Exercise prompt -> From the first line to the last, reproduce the records exactly as they appear below.

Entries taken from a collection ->
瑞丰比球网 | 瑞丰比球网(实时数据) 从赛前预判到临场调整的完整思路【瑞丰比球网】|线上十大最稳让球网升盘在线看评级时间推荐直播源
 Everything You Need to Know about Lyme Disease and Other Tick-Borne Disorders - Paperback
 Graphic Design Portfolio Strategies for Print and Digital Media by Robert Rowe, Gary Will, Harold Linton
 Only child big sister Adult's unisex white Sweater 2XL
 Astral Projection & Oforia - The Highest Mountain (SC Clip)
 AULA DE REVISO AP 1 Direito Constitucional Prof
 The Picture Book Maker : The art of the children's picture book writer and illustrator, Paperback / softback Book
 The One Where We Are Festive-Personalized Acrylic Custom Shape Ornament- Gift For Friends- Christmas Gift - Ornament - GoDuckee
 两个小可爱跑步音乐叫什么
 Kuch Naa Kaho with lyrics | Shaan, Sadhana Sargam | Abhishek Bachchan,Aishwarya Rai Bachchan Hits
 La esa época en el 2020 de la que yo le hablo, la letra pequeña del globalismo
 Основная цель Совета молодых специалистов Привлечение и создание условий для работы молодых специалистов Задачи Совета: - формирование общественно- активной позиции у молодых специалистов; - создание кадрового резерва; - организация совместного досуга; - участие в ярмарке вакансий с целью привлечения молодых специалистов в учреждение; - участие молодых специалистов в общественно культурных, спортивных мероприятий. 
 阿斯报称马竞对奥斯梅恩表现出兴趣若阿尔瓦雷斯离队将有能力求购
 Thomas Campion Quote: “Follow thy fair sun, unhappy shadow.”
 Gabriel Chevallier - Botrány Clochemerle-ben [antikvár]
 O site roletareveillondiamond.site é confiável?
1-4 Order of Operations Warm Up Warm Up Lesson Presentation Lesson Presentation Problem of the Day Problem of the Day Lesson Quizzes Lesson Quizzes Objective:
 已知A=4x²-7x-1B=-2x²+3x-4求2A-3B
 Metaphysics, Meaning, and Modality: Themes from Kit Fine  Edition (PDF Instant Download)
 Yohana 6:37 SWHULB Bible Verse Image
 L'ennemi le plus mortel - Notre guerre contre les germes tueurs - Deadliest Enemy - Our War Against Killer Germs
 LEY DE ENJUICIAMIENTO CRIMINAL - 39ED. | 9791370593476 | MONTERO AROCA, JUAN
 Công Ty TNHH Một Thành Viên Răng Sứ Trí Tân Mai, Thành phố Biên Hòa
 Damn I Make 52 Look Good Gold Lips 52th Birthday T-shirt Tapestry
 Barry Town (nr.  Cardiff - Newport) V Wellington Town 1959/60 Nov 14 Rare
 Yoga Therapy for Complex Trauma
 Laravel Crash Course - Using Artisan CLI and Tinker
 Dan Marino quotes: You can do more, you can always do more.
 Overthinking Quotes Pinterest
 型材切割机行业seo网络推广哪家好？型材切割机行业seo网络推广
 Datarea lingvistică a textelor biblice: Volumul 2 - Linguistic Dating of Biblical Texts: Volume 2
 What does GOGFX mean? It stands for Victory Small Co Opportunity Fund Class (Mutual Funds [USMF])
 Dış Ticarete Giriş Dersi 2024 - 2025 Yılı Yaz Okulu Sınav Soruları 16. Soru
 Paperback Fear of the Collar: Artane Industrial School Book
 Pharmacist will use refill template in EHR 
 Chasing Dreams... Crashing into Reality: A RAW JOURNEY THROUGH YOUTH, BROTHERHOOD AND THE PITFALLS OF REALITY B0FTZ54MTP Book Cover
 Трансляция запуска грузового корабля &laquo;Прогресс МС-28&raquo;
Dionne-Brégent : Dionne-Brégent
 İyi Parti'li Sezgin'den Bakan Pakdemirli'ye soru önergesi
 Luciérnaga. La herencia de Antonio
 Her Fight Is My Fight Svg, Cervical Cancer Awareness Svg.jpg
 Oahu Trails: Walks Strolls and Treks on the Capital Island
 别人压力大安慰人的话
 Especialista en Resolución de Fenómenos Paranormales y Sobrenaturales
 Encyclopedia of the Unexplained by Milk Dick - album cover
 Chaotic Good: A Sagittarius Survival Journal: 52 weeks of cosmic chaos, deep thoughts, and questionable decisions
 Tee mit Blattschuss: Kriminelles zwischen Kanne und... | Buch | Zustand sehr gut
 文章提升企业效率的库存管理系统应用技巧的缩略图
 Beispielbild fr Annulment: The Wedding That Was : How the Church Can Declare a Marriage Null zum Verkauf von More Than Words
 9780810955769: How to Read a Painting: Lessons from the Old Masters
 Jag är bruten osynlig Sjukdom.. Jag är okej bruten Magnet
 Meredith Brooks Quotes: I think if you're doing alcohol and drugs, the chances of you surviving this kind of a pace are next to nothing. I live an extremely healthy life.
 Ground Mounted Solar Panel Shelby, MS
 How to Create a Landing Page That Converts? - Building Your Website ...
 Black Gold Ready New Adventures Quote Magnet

Response to this exercise ->
瑞丰比球网 | 瑞丰比球网(实时数据) 从赛前预判到临场调整的完整思路【瑞丰比球网】|线上十大最稳让球网升盘在线看评级时间推荐直播源
 Everything You Need to Know about Lyme Disease and Other Tick-Borne Disorders - Paperback
 Graphic Design Portfolio Strategies for Print and Digital Media by Robert Rowe, Gary Will, Harold Linton
 Only child big sister Adult's unisex white Sweater 2XL
 Astral Projection & Oforia - The Highest Mountain (SC Clip)
 AULA DE REVISO AP 1 Direito Constitucional Prof
 The Picture Book Maker : The art of the children's picture book writer and illustrator, Paperback / softback Book
 The One Where We Are Festive-Personalized Acrylic Custom Shape Ornament- Gift For Friends- Christmas Gift - Ornament - GoDuckee
 两个小可爱跑步音乐叫什么
 Kuch Naa Kaho with lyrics | Shaan, Sadhana Sargam | Abhishek Bachchan,Aishwarya Rai Bachchan Hits
 La esa época en el 2020 de la que yo le hablo, la letra pequeña del globalismo
 Основная цель Совета молодых специалистов Привлечение и создание условий для работы молодых специалистов Задачи Совета: - формирование общественно- активной позиции у молодых специалистов; - создание кадрового резерва; - организация совместного досуга; - участие в ярмарке вакансий с целью привлечения молодых специалистов в учреждение; - участие молодых специалистов в общественно культурных, спортивных мероприятий. 
 阿斯报称马竞对奥斯梅恩表现出兴趣若阿尔瓦雷斯离队将有能力求购
 Thomas Campion Quote: “Follow thy fair sun, unhappy shadow.”
 Gabriel Chevallier - Botrány Clochemerle-ben [antikvár]
 O site roletareveillondiamond.site é confiável?
1-4 Order of Operations Warm Up Warm Up Lesson Presentation Lesson Presentation Problem of the Day Problem of the Day Lesson Quizzes Lesson Quizzes Objective:
 已知A=4x²-7x-1B=-2x²+3x-4求2A-3B
 Metaphysics, Meaning, and Modality: Themes from Kit Fine  Edition (PDF Instant Download)
 Yohana 6:37 SWHULB Bible Verse Image
 L'ennemi le plus mortel - Notre guerre contre les germes tueurs - Deadliest Enemy - Our War Against Killer Germs
 LEY DE ENJUICIAMIENTO CRIMINAL - 39ED. | 9791370593476 | MONTERO AROCA, JUAN
 Công Ty TNHH Một Thành Viên Răng Sứ Trí Tân Mai, Thành phố Biên Hòa
 Damn I Make 52 Look Good Gold Lips 52th Birthday T-shirt Tapestry
 Barry Town (nr.  Cardiff - Newport) V Wellington Town 1959/60 Nov 14 Rare
 Yoga Therapy for Complex Trauma
 Laravel Crash Course - Using Artisan CLI and Tinker
 Dan Marino quotes: You can do more, you can always do more.
 Overthinking Quotes Pinterest
 型材切割机行业seo网络推广哪家好？型材切割机行业seo网络推广
 Datarea lingvistică a textelor biblice: Volumul 2 - Linguistic Dating of Biblical Texts: Volume 2
 What does GOGFX mean? It stands for Victory Small Co Opportunity Fund Class (Mutual Funds [USMF])
 Dış Ticarete Giriş Dersi 2024 - 2025 Yılı Yaz Okulu Sınav Soruları 16. Soru
 Paperback Fear of the Collar: Artane Industrial School Book
 Pharmacist will use refill template in EHR 
 Chasing Dreams... Crashing into Reality: A RAW JOURNEY THROUGH YOUTH, BROTHERHOOD AND THE PITFALLS OF REALITY B0FTZ54MTP Book Cover
 Трансляция запуска грузового корабля &laquo;Прогресс МС-28&raquo;
Dionne-Brégent : Dionne-Brégent
 İyi Parti'li Sezgin'den Bakan Pakdemirli'ye soru önergesi
 Luciérnaga. La herencia de Antonio
 Her Fight Is My Fight Svg, Cervical Cancer Awareness Svg.jpg
 Oahu Trails: Walks Strolls and Treks on the Capital Island
 别人压力大安慰人的话
 Especialista en Resolución de Fenómenos Paranormales y Sobrenaturales
 Encyclopedia of the Unexplained by Milk Dick - album cover
 Chaotic Good: A Sagittarius Survival Journal: 52 weeks of cosmic chaos, deep thoughts, and questionable decisions
 Tee mit Blattschuss: Kriminelles zwischen Kanne und... | Buch | Zustand sehr gut
 文章提升企业效率的库存管理系统应用技巧的缩略图
 Beispielbild fr Annulment: The Wedding That Was : How the Church Can Declare a Marriage Null zum Verkauf von More Than Words
 9780810955769: How to Read a Painting: Lessons from the Old Masters
 Jag är bruten osynlig Sjukdom.. Jag är okej bruten Magnet
 Meredith Brooks Quotes: I think if you're doing alcohol and drugs, the chances of you surviving this kind of a pace are next to nothing. I live an extremely healthy life.
 Ground Mounted Solar Panel Shelby, MS
 How to Create a Landing Page That Converts? - Building Your Website ...
 Black Gold Ready New Adventures Quote Magnet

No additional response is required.